Thursday, May 20, 2010

"Why we exist"

I opened the Yahoo main page this morning and the headline, accompanied by a brilliant cellestial picture, said "Discovery may explain why we exist." Naturally, I had to read more... not because I was dying to know why we exist, but because I wanted to know what scientific discovery could possibly try to explain it. There was some scientific jargon about the Standard Model of particle physics, and matter and antimatter (what in the world is antimatter??), and the epic struggle for universal domination between matter and antimatter... sounded more like Star Wars VII: The Conquest of Matter.

As science-fictiony-impressive as all this sounded, I couldn't help but wonder if any of the scientists stopped to ask: "Where did matter come from?" The scientists are so impressed that they invented this mega-machine that collides - their word in the article was "smashes" - matter and antimatter together... if there really was this collision of particles in the beginning of time, what smashed them together then?

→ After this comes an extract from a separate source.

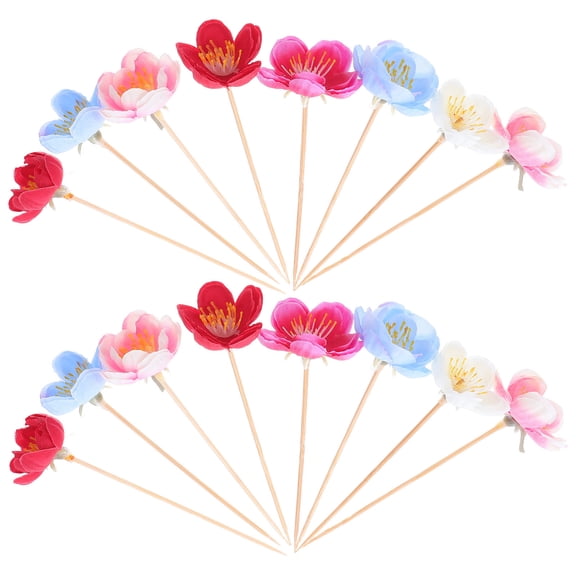 OULII 100Pcs Decorative Wooden Cocktail Picks with Lifelike Floral Design for Party Drinks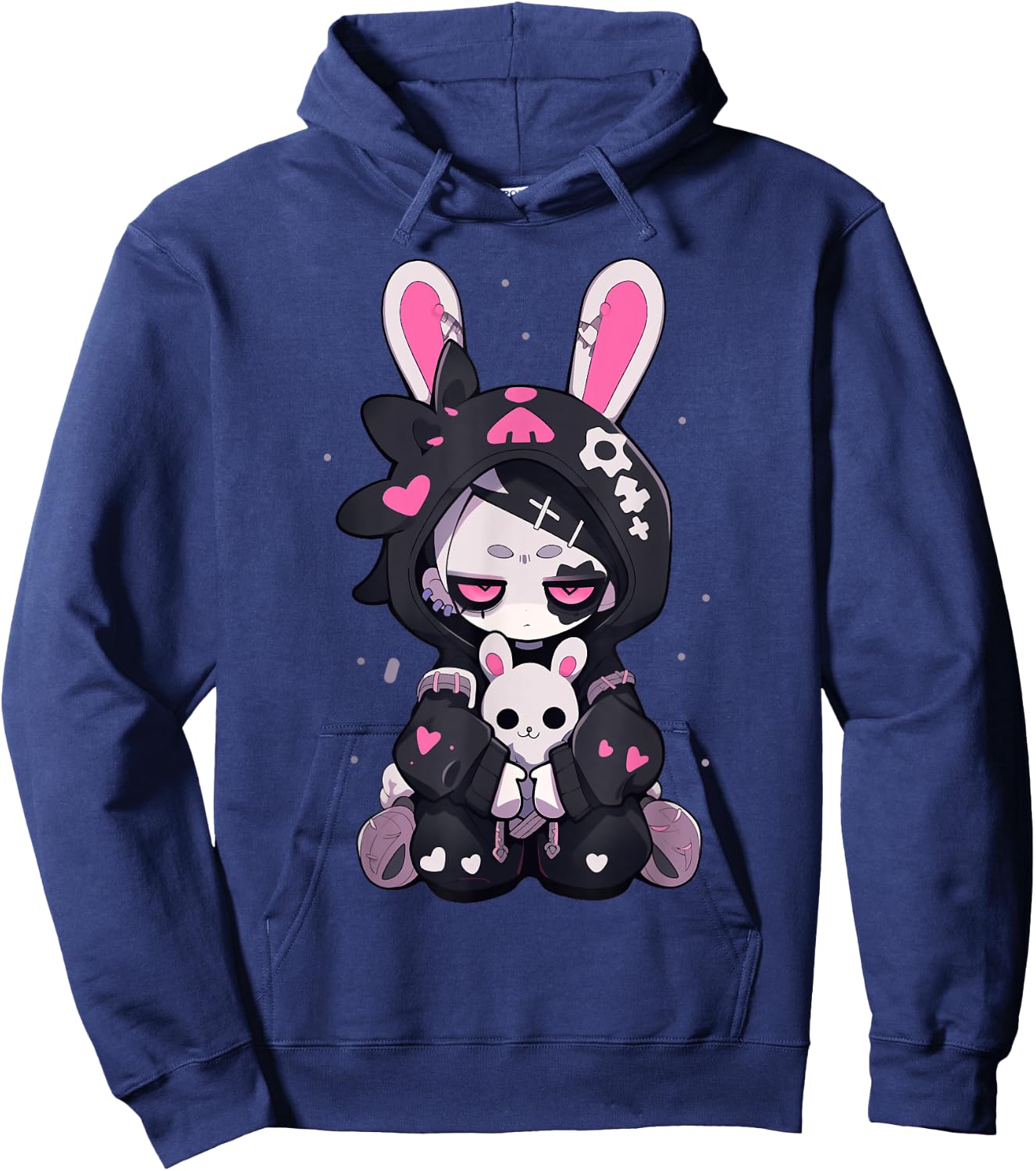Goth Bunny Anime Girl Cute E-Girl Gothic Outfit Grunge Hoodie - Hoodie | Navy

It seems to me that these people are not so interested in understanding why we exist, as they are in how they can become God and create their own matter. Kind of like the people who tried to build the Tower of Babel... and we all know how that worked out. The Tower of Babel was a result of people not wanting to accept that God is all-powerful, people wanting desperately to have some claim on spiritual achievement through physical means. If they were just in relationship with God - if they had only turned to him instead of shutting their ears and trying to do things their own way - they would have realized that the God of the universe reaches down to be with us, and that unity with him cannot be achieved through global unity but through him alone.

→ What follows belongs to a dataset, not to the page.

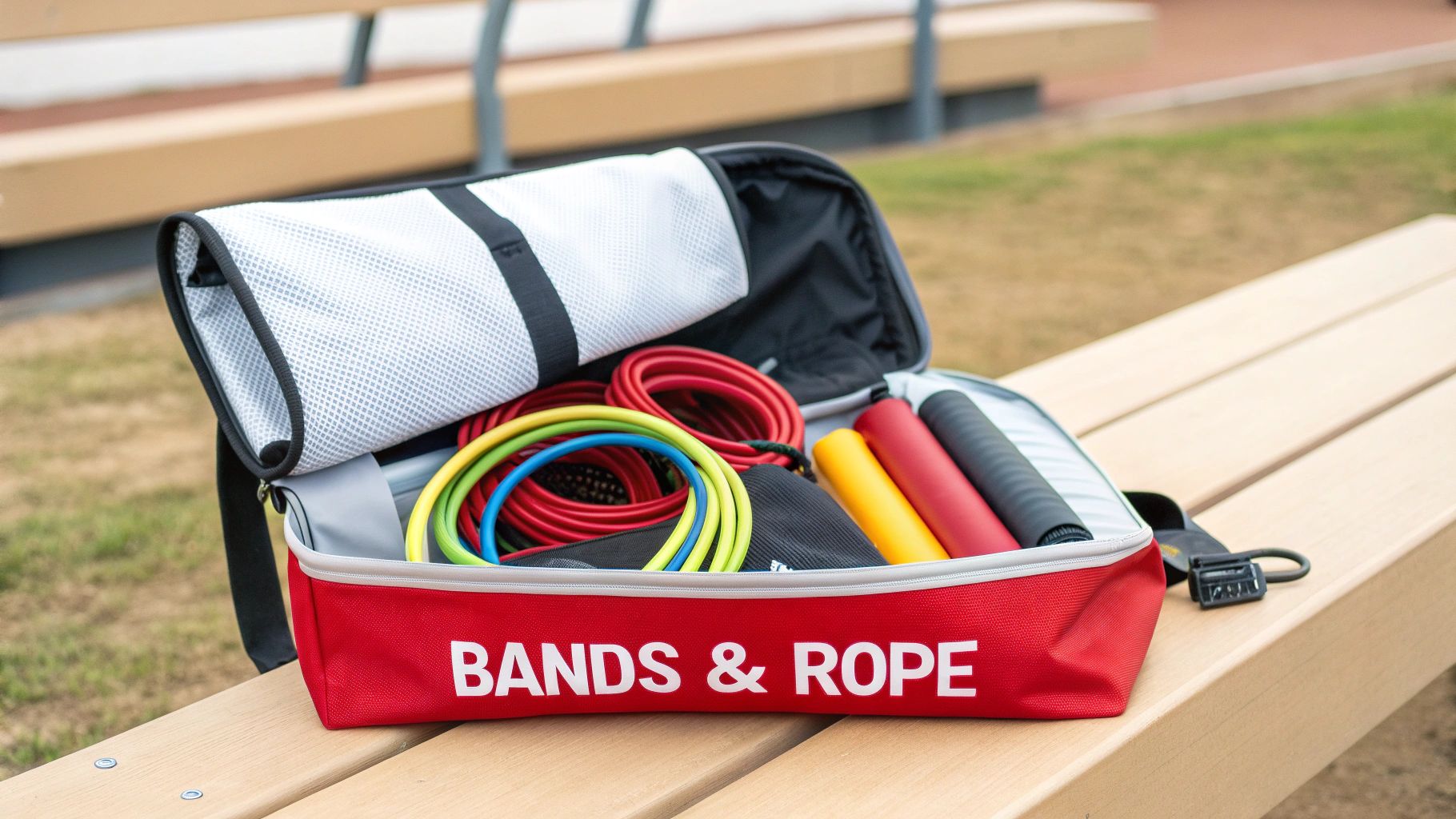 An open red bag with "BANDS & ROPE" text, containing colorful exercise bands and ropes on a wooden bench outdoors.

This Tevatron Collider and its magnificent display of smashing tiny things together is also a result of people not wanting to accept that God is all-powerful: if we as humans can accomplish something that previously was believed to be impossible, then that makes God a little less "god-like" and us a little more. And again, if they were just in relationship with God - if they were really seeking the meaning of our existence rather than trying to duplicate it - they would have realized that the God of the universe did not need a machine or matter or even antimatter, because he simply spoke and that was enough. Our universe - and any other universes beyond - are a product of his word. Even if this battle between particles existed, it is because God spoke those particles into existence and set them on the path to collision. And what does that reveal about why we exist? Do we exist to smash into each other and create more matter? That makes no sense! We exist for the pleasure and praise and glory of Him who created us in the first place!

What a discovery that would be, if only these scientists would turn away from their machines and look to the Lord who holds all the answers.